No Broken Glass, No Big Dents

We are a loyal tribe, us Out Island fanatics.  Once we fall for those 698 Bahamian islands, cays, and rocks outside of New Providence (Nassau) and Grand Bahama (Freeport), we return again and again.  We recognize our fellow addicts, and speak to each other with a common vocabulary,  carefully recruiting potential travel companions to bring into the fold.  The thing with the Out Islands is that they require a particular type of traveler who will get it.

There are certain – I won’t say hardships, but rather, challenges to Out Island travel.  While some might say we love the Out Islands in spite of the obstacles, I would hazard to say that we love them because of them.  Because the challenges are part of what make the Out Islands so beguilingly quirky, so ripe for discovery, and so deliciously secret.

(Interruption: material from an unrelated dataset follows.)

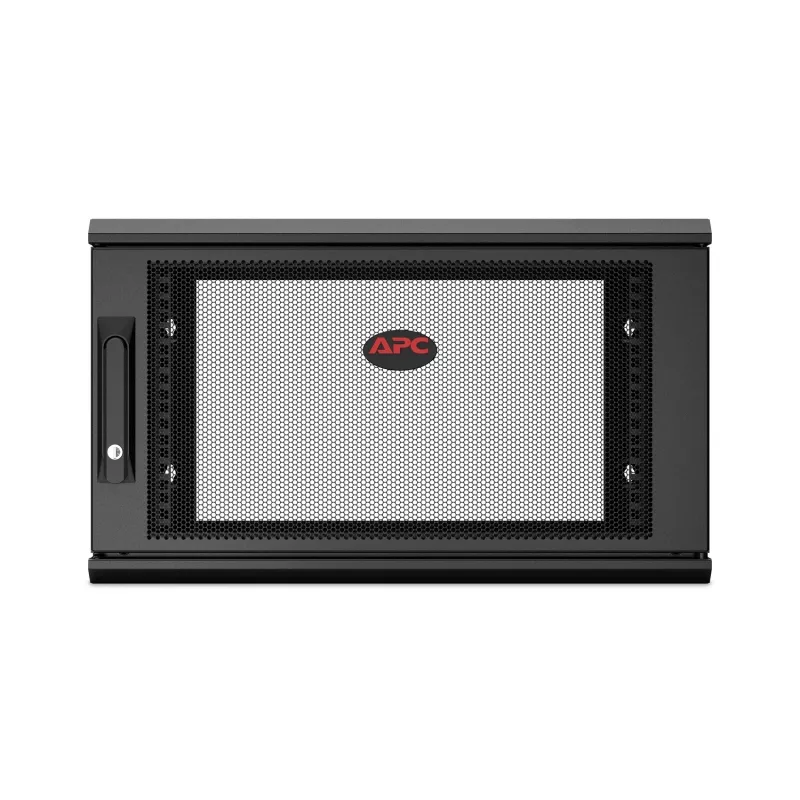 APC NetShelter WX AR106SH4, 6HE, 19 inch-patchkast, wandmontage, voorgemonteerd, 400 mm diep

One might think that after nearly 4 months living aboard Calypso in the Bahamas two years ago, that we’d had enough, that perhaps we’d been cured of our addiction.  Instead, I dream of picking sand dollars off flats at low tide.  I perfect my conch chowder recipe.  I imagine muscling my kayak against the current through mangrove creeks.  I am transported by the framed photos in my office (which include a swimming pig and a magenta sunset).  Two years is a long time to have been away from the Out Islands, so I finally pulled together a return visit to one of my Happy Places: Fernandez Bay Village on Cat Island in June.  And we brought along Skip and Harriet, whom we introduced to the Abacos back in 2005  (Abacos 2005), who became smitten with the Out Islands and made up for lost time by sailing to the Bahamas for 3 seasons (Moondance’s Blog).

Out Island challenges typically start before you get there, because getting there from anywhere but Florida can take a good 12 hours of travel time.  It’s not that the distance is that great; it’s just that the bridging of that distance takes some creativity, patience, flexibility and – most importantly – a sense of humor.  Because things tend to go wrong, it’s essential to build some wiggle room into the schedule.  That way, when your pilot announces that you’re circling over NAS instead of landing there because both the radar and radio communications at the airport are down, you’re not sweating too much because you’ve built in a 3-hour+ layover during which to clear immigration and customs, walk over to the domestic terminal, check in with your tiny commuter airline, and get through the understaffed security portal.  It helps to be flying with carry-on luggage only, so you don’t have to wait for bags to be decanted, collected and checked in again; plus, that’s a good guide for how little stuff you really need.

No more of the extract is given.